DIRECTIONS: Across the whole listing, return each line exactly, with no images included.

SUPPLIED INFORMATION:
___

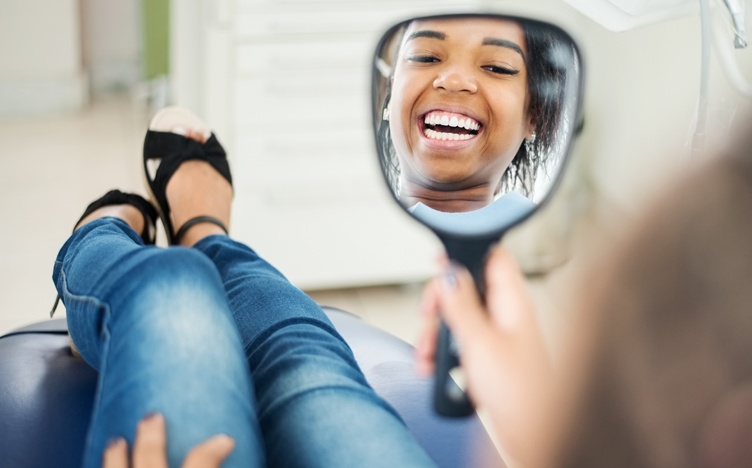 girl-in-dentist-chair-752x468.png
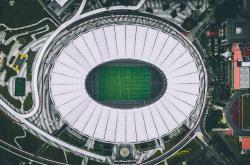 开云官网-爵士无情碾压勇士防线，三分雨下克莱里程碑成孤光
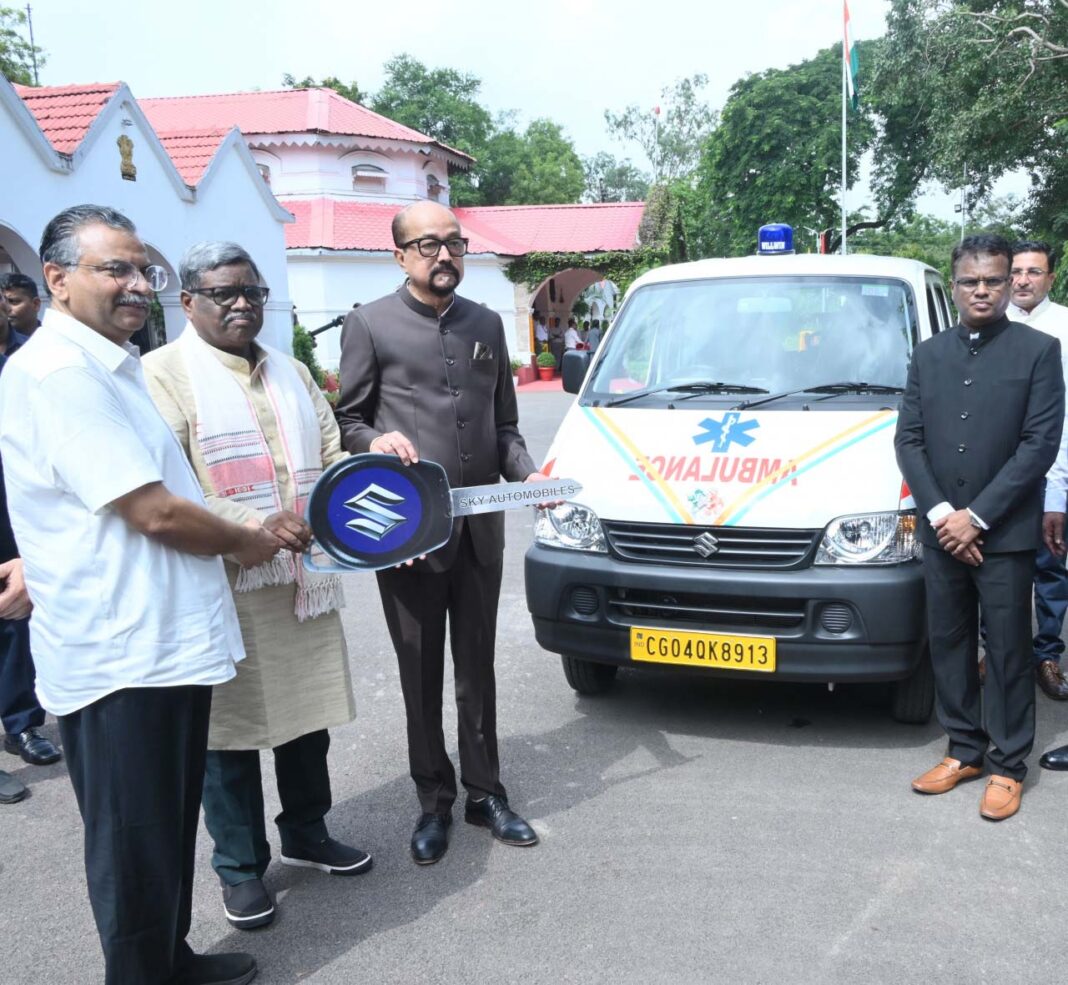रायपुर : राज्यपाल डेका ने वनवासी विकास समिति को सौंपी एम्बुलेंस की चाबी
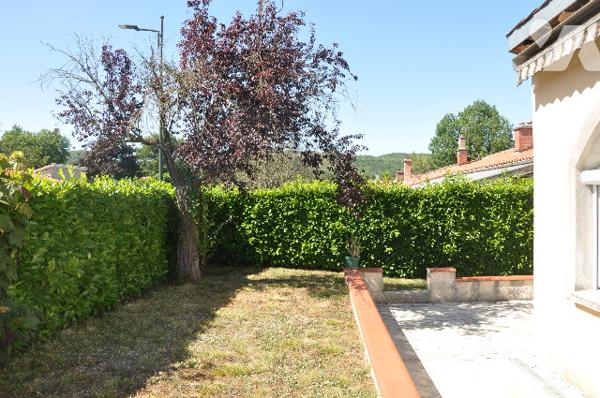 BOUSSENS, 40 mns de TOULOUSE, villa 117m², grand garage et piscine sur 736m². prix 190.800 € CC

___

RESPONSE AREA:
 girl-in-dentist-chair-752x468.png
 开云官网-爵士无情碾压勇士防线，三分雨下克莱里程碑成孤光
रायपुर : राज्यपाल डेका ने वनवासी विकास समिति को सौंपी एम्बुलेंस की चाबी
 BOUSSENS, 40 mns de TOULOUSE, villa 117m², grand garage et piscine sur 736m². prix 190.800 € CC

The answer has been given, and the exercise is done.